Appeal courts are, to put it roughly, in constant search for errors in judgement by lower courts. The error recently flagged by the Ontario Court of Appeal was an unusually grand one of their judges’ own making.

Ontario’s highest court issued an appeal decision in May, authored by Justice Kathryn Feldman and agreed to by two fellow judges, Associate Chief Justice Alexandra Hoy and David Paciocco. In it, the trio upheld the lower court’s ruling that a woman was entitled to $723,479.66 plus interest for mortgage guarantees she never received after a a failed Toronto townhouse investment.
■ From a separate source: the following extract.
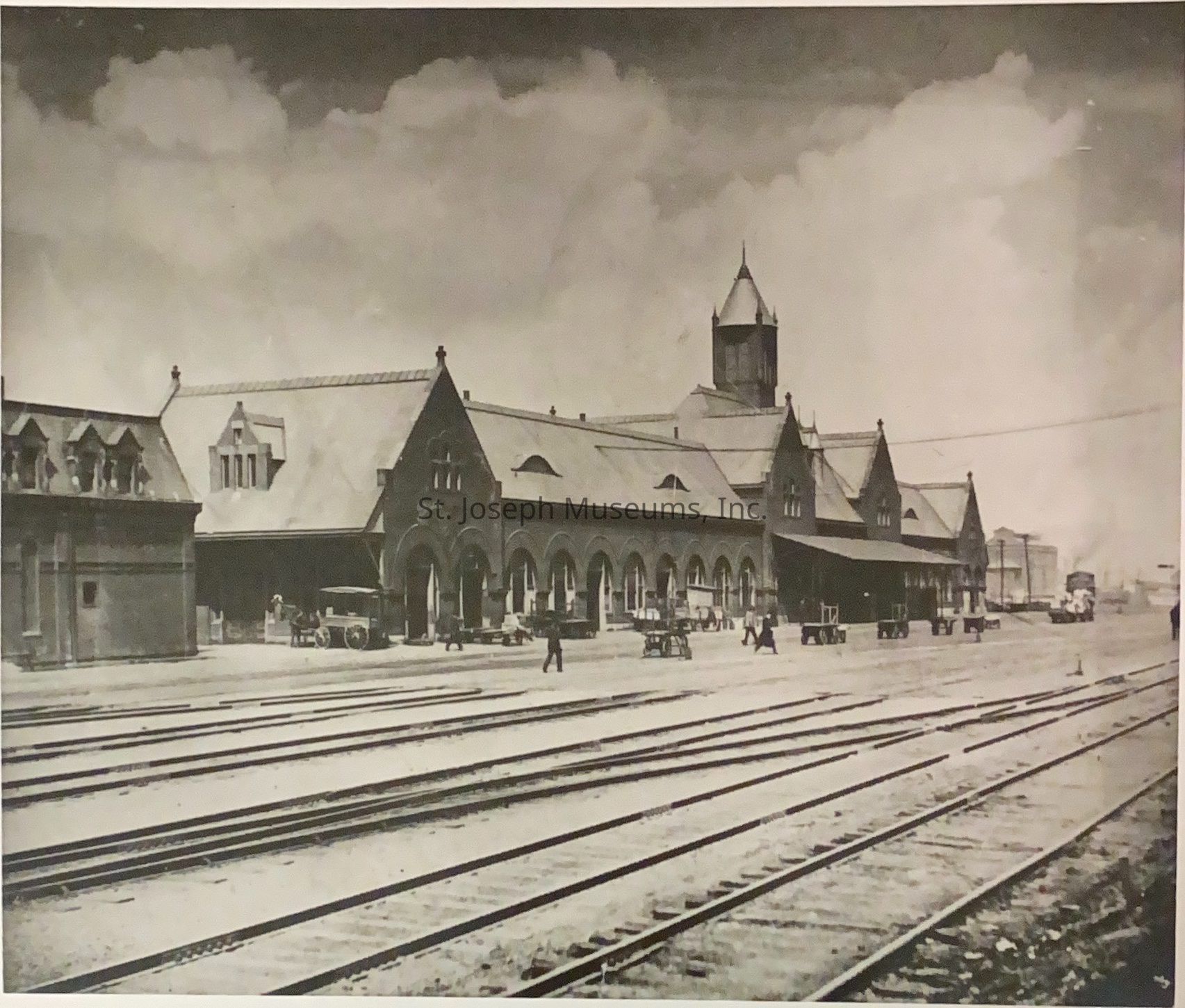 Black-and-white image depicting Union Station in Kansas City, Missouri, showcasing its historical architecture with a large, central building featuring pointed roofs and numerous arches. Railroad tracks stretch across the foreground, while several people and carts are visible near the station. The background contains a few structures and clouds.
It seemed a decision like any of the other 1,500 cases the province’s appeal court handles with an ever-constant rotation of three- or five-judge panels.

The problem: Paciocco wasn’t on this panel—even if he did sign off at the end of the 25-page ruling. While the wrong judge signed this ruling, the right judge, Grant Huscroft, was left out. He” was not provided with either the draft judgment for review or the final judgment for signature,” the court revealed in a new decision authored by the correct panel three-judge panel.

The mistake went unnoticed until the ruling was already released publicly on May 27. The court deemed it not an actual judgment, and removed it from its website. “It is of no force or effect and has been withdrawn,” states the new ruling, issued Aug. 13—two and a half  months later.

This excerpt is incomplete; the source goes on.